The first 4 were generated by one object, while the last 3 were generated by a second object.

I've then bootstrapped confidence intervals for the calculated medians of differences:

Reinterpreting the data from question

Neither looking at the PACF of the differences between B and A:

Nor running tests like the Wald-Wolfowitz runs test strongly point to lack of independence of the differences between samples (p-value=0.017).

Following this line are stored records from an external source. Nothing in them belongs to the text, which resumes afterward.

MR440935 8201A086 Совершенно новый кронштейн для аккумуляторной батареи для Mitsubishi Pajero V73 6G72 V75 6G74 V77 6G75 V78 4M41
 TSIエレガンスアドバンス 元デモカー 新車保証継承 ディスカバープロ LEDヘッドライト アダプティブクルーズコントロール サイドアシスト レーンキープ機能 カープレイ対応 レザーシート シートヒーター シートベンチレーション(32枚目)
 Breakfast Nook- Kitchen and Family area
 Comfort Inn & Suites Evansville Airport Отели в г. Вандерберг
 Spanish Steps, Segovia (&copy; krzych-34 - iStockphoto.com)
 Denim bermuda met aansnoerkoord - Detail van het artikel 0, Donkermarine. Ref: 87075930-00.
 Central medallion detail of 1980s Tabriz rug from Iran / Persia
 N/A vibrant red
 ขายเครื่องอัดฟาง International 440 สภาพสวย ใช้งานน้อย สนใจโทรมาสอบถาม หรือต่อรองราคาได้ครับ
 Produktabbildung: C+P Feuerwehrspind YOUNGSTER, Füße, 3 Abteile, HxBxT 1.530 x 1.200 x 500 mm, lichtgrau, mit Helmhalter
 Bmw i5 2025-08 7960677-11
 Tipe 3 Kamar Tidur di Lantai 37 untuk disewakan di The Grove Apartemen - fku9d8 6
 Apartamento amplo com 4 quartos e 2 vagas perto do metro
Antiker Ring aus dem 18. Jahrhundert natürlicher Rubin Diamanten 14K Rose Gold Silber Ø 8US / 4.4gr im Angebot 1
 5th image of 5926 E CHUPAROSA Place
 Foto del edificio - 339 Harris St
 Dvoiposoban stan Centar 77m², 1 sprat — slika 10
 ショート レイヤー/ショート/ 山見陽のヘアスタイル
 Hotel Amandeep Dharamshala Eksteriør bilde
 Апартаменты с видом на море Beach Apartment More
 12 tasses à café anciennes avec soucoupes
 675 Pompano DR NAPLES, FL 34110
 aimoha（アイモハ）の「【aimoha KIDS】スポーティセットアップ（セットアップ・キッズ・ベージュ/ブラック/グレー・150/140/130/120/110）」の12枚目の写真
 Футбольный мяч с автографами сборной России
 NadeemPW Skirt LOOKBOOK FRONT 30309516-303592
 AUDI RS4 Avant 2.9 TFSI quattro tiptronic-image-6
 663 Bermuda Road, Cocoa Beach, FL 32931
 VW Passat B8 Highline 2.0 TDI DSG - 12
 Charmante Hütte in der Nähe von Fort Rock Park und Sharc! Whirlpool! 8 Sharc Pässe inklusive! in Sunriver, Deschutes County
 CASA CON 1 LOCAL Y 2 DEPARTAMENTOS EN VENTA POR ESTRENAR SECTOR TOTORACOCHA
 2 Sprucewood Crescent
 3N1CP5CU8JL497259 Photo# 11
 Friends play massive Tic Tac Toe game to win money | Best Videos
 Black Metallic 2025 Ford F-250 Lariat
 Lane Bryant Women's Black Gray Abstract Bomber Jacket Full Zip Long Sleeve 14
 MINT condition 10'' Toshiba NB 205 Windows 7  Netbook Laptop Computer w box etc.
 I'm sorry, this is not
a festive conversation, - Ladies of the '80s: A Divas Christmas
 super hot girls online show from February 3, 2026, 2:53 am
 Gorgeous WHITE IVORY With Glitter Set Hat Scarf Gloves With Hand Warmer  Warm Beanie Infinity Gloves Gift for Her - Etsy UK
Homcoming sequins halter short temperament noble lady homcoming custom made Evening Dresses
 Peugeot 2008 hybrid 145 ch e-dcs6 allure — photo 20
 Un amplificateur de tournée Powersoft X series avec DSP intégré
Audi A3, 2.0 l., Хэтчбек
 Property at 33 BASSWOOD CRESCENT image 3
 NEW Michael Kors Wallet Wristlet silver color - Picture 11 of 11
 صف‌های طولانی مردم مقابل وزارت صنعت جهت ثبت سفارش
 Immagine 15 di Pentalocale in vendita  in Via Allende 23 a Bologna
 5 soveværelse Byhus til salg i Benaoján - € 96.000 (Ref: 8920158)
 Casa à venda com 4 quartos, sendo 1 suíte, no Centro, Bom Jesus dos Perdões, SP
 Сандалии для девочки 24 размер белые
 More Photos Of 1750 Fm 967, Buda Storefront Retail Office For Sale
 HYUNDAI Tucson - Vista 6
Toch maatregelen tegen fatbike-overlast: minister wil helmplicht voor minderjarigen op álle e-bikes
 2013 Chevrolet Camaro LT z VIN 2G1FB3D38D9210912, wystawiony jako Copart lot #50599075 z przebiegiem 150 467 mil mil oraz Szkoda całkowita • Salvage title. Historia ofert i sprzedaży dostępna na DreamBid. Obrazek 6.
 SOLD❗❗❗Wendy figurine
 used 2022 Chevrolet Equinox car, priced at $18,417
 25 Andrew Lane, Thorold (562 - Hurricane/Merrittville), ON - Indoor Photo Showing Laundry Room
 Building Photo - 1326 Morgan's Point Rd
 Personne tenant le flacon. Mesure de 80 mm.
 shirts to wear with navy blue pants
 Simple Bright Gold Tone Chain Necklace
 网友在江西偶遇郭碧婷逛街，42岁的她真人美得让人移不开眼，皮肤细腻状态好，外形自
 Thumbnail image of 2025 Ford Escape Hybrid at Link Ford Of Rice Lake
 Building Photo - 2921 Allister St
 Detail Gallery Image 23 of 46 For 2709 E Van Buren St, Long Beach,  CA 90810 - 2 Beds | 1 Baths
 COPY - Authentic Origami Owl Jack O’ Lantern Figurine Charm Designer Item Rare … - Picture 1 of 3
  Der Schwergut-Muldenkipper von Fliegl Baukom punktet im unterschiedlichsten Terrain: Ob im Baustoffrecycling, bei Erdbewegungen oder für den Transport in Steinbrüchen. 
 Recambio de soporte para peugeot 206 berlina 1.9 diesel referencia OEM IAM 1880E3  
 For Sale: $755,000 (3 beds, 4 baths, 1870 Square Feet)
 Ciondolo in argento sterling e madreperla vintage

But if we look at the windowed median (window=1000, step=1):

It's fairly clear that the false positive in the sign test isn't caused by one large single excess or periodic excess in one sample over the other, but rather in systematic departure from the zero median.

Hypothesis

The false positives are caused by small, but constant differences in how the different instances of objects are handled in the python interpreter. This in turn has effect on the delay between when the connection is opened and when the data over it is sent. And that affects how quickly the server responds. In other words, it's the effect of PYTHONHASHSEED and/or ASLR.

Solution

The solution is to send probes from new processes, so that any effect from PYTHONHASHSEED and/or ASLR is the same for different instances.

Verification

I've thus modified the execution of the tests so that any single process isn't used to send more than 100 probes. I've then repeated the experiment few dozen times with large sample sizes (>100k) and not only are the false positives gone, the distribution of the p-values of those tests is perfectly uniform.